Preparation for future production on a large scale takes
place. Large investments of fixed, capital are made in
buildings, machinery and the like, and those branches of
industry which chiefly serve the purposes of
construction, such as the iron industry, make
extraordinary advances. Mills and railroads are built to
supply an anticipated demand. This is usually overdone,
and the facilities of production increase more rapidly
than the effective demand for products.
Credit is unduly expanded, and it is natural that the
money markets feel the first shock when the inevitable
readjustment takes place.
While the phenomena of a crisis and its attendant
consequences are generally recognized, the widest
variety of opinion exists as to the causes of such
economic disturbances. Writers are prone to lay stress
upon local or temporary conditions, and to generalize
from them. In truth, the phenomena of a crisis are so
complex, and the conditions which may aggravate it so
numerous, that it is not surprising to see the latter
considered as primary causes. Thus, speculation, the
currency, the tariff, bad harvests, have all been made
responsible for crises. These are frequently concomitant
forces impelling a crisis, but crises are so numerous
that there must be some deeper underlying cause.
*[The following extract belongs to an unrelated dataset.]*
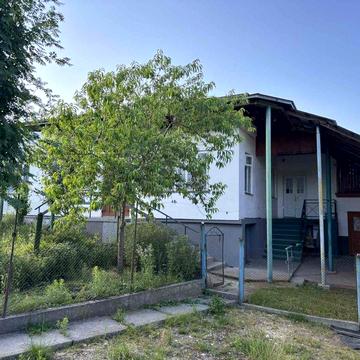 Продаж  будинку у с.Верхня-Липиця.Терміново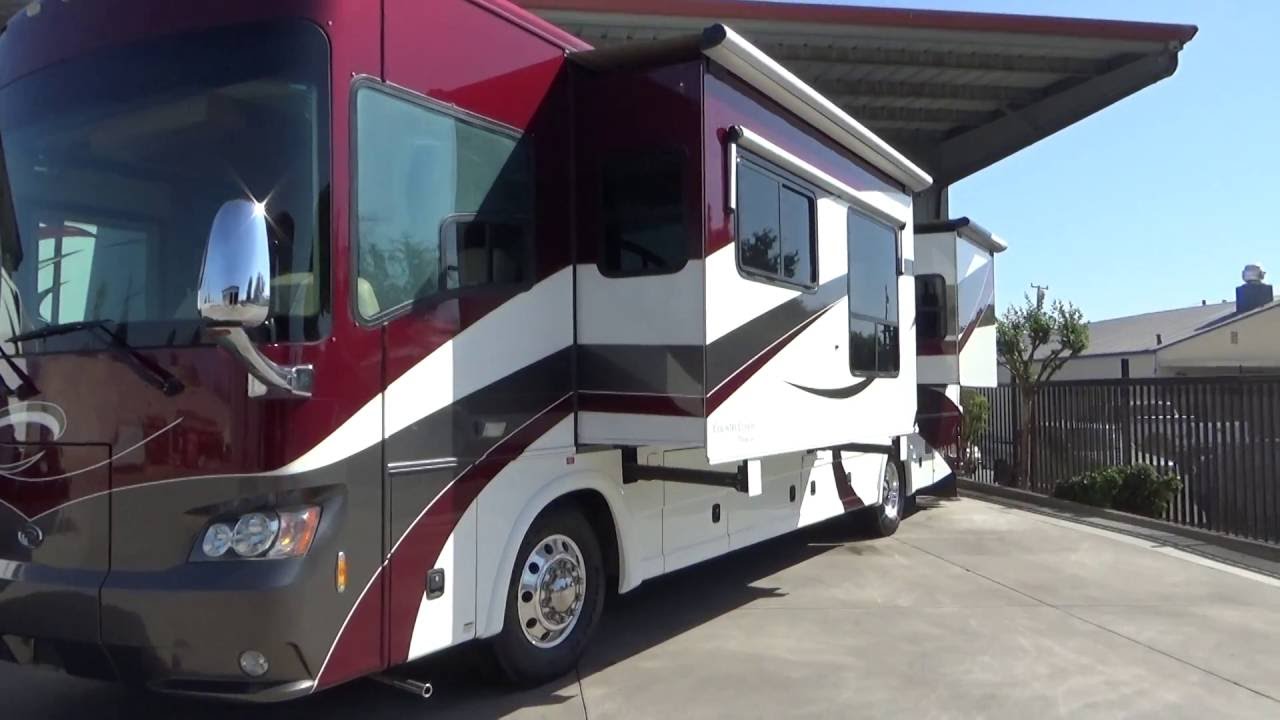 2007 Country Coach Tribute Glacier / Referral Auto Group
It has already been noted that panics are most severe in
the most advanced and most rapidly developing countries.
They are apparently an incident of a changing economic
organization. Stationary nations do not feel them. A
change in the economic organization of a nation is not
the result of plan, but the resultant of individual
initiation in trade and industry. The adoption of new
machinery, of new motive power, and new means of
communication displaces the old, and renders some
portions of capital useless. This waste of capital, and
its absorption in enterprises not immediately
remunerative, disturbs the normal relations of capital
to employment and causes crises.
We come, in short, to the conclusion that crises are
caused by a lack of coincidence in the laws of growth,
of production, and consumption. Changes in the former
are rapid, those of the latter slow and gradual.
Production is always prone to advance more rapidly than
consumption. This proposition seems at variance with
accepted theories of political economy, but in reality
it harmonizes with them. The struggle for existence
which lies at the root of economic life is a contest
between Nature's limitations and potential consumption,
which is unlimited. But concrete consumption and
potential consumption are two different things.
Indeed, we seem to be drawing near the familiar
proposition that crises are caused by overproduction.
This proposition has been vigorously opposed by those
who have taken it in an absolute sense, and have
revolted at the idea that production could ever outstrip
man's needs, as implying man's incapacity for further
development. But if we understand overproduction as a
false distribution of products over a series of years in
comparison with man's actual consumption, and a false
choice of objects of production in comparison with man's
potential consumption, we need not revolt at the
statement that overproduction---along certain lines---is
the cause of crises. Such a statement of the causes of
crises seems to lack the precision which characterizes
the attribution of crises to definite phenomena, but it
must be remembered that the more complex the phenomena
to be accounted for, the more general must, of
necessity, be the cause to which they are ascribed.